**Dataset records:**

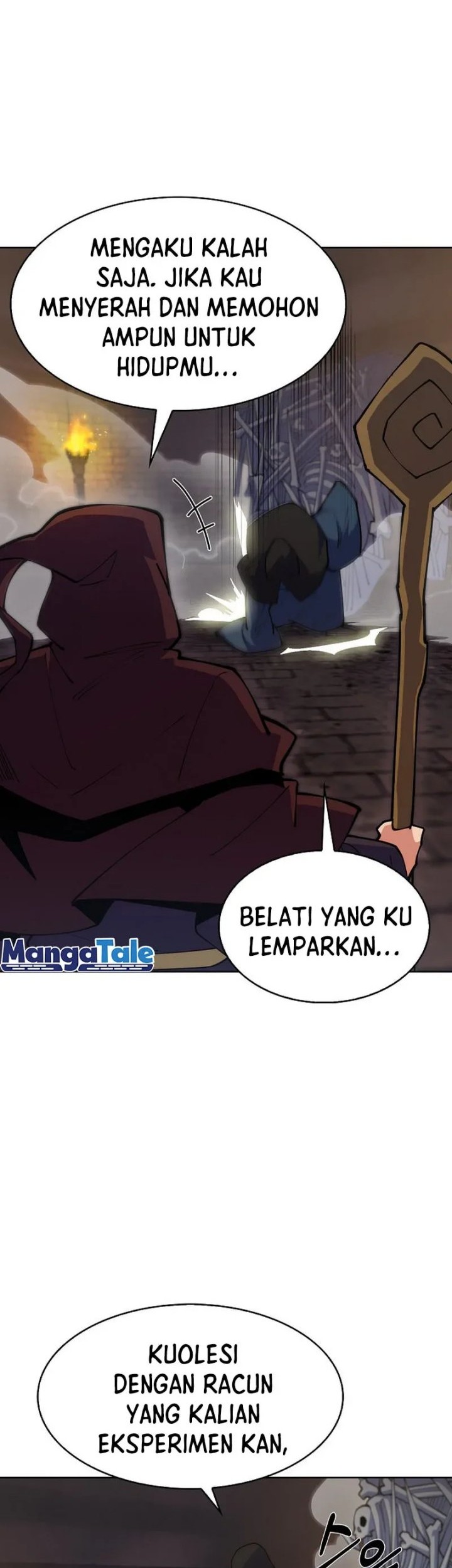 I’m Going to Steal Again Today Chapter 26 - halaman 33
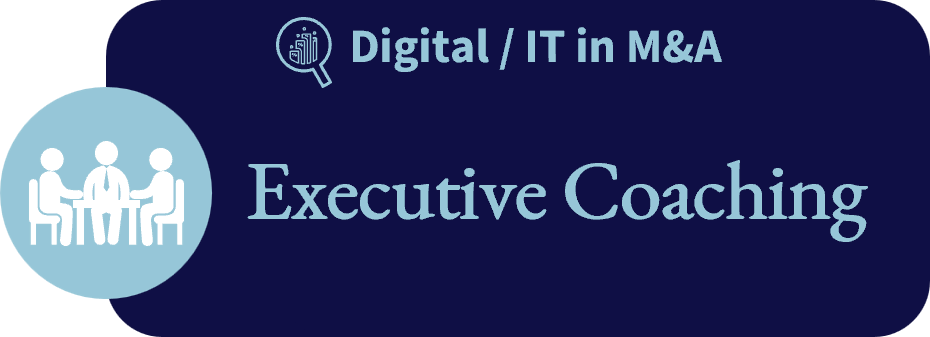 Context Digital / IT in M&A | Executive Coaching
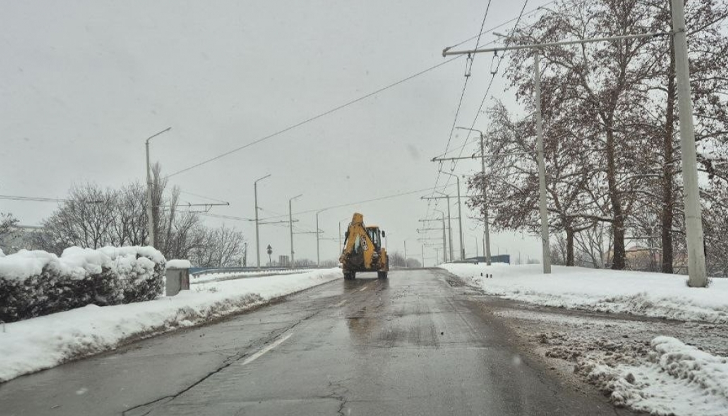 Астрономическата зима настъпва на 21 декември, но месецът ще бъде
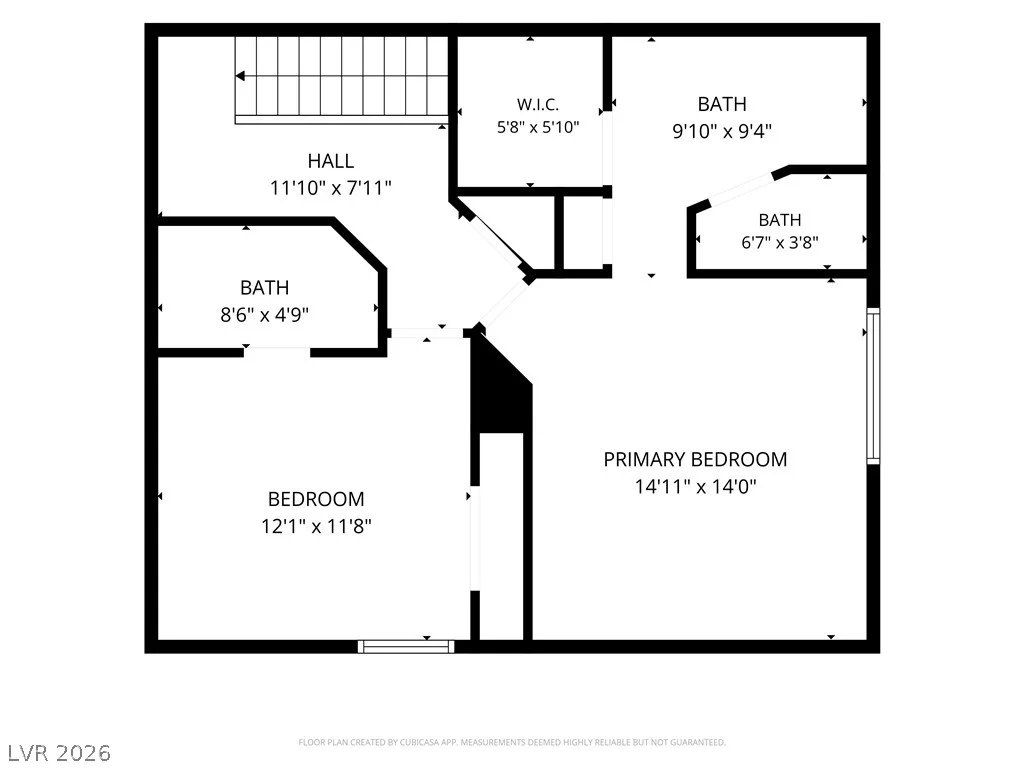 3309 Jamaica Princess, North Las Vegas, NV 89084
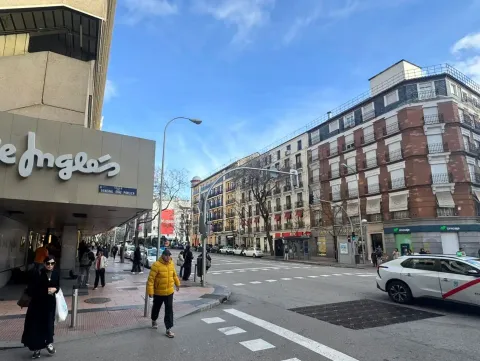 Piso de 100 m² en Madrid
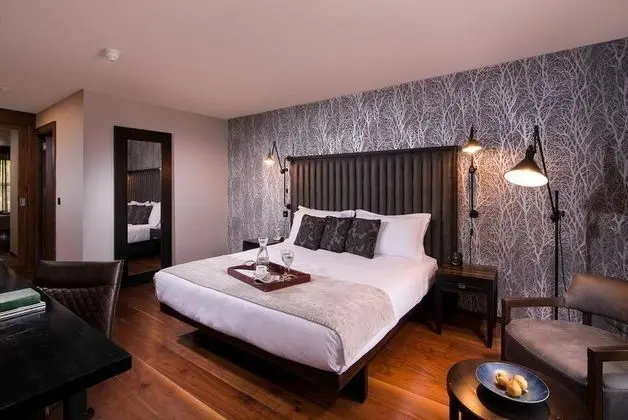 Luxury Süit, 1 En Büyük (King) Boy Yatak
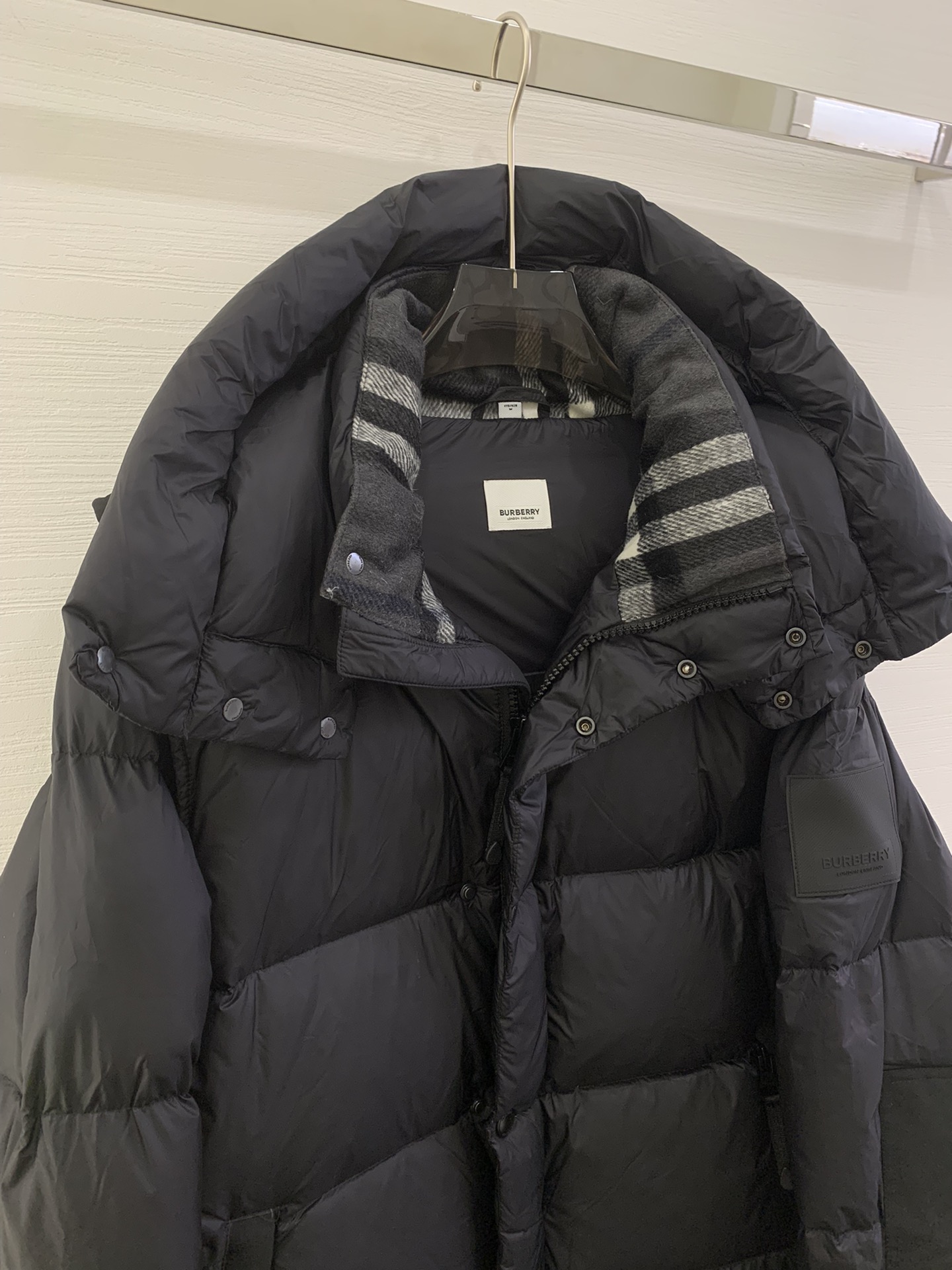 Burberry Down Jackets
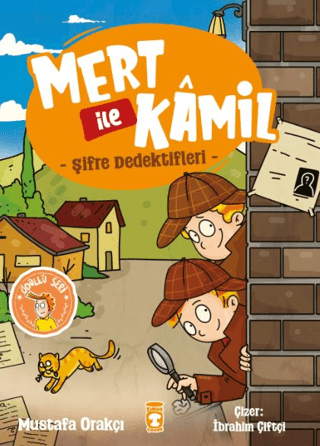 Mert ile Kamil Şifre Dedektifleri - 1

--

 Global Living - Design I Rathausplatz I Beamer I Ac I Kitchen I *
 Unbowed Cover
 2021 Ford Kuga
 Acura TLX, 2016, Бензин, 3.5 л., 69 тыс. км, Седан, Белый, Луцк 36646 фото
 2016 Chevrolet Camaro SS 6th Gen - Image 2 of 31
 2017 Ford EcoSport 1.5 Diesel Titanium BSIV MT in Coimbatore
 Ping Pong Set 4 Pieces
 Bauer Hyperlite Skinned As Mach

--

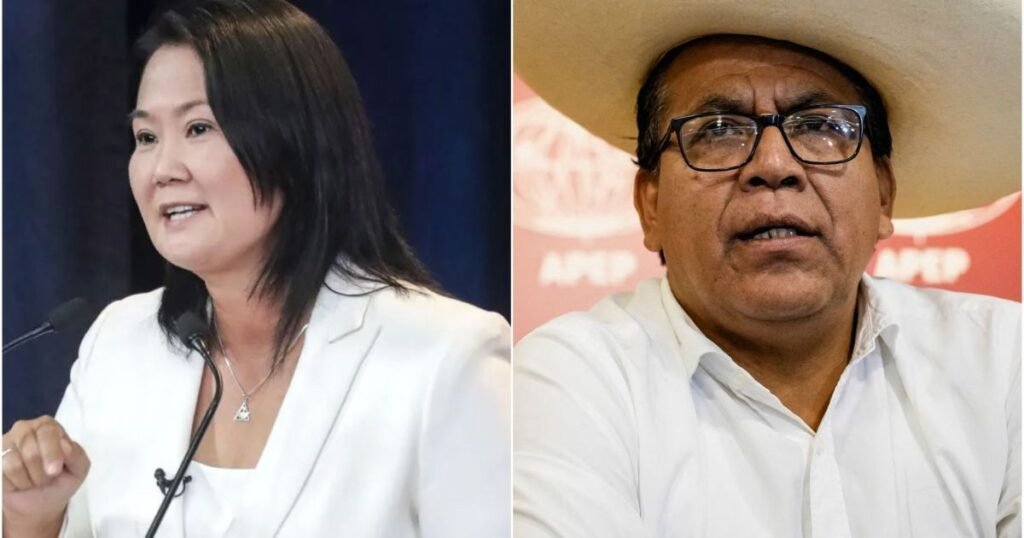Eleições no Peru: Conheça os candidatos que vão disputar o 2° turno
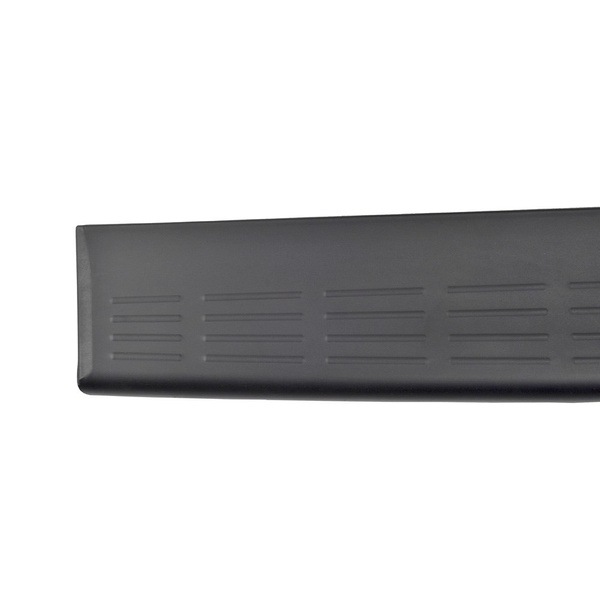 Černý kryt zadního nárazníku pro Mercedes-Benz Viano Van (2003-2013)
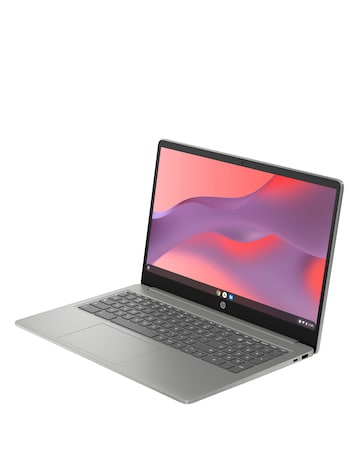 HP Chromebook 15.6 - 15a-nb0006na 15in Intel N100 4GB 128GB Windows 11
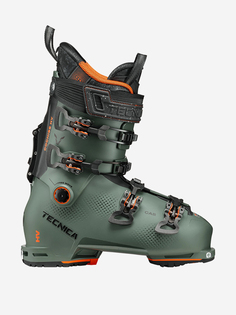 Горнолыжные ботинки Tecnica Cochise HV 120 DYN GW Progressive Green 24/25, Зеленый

**Task statement:**
Each line of the entries above that contains "Ford" is to be copied.

**Answer section:**
 2021 Ford Kuga
 2017 Ford EcoSport 1.5 Diesel Titanium BSIV MT in Coimbatore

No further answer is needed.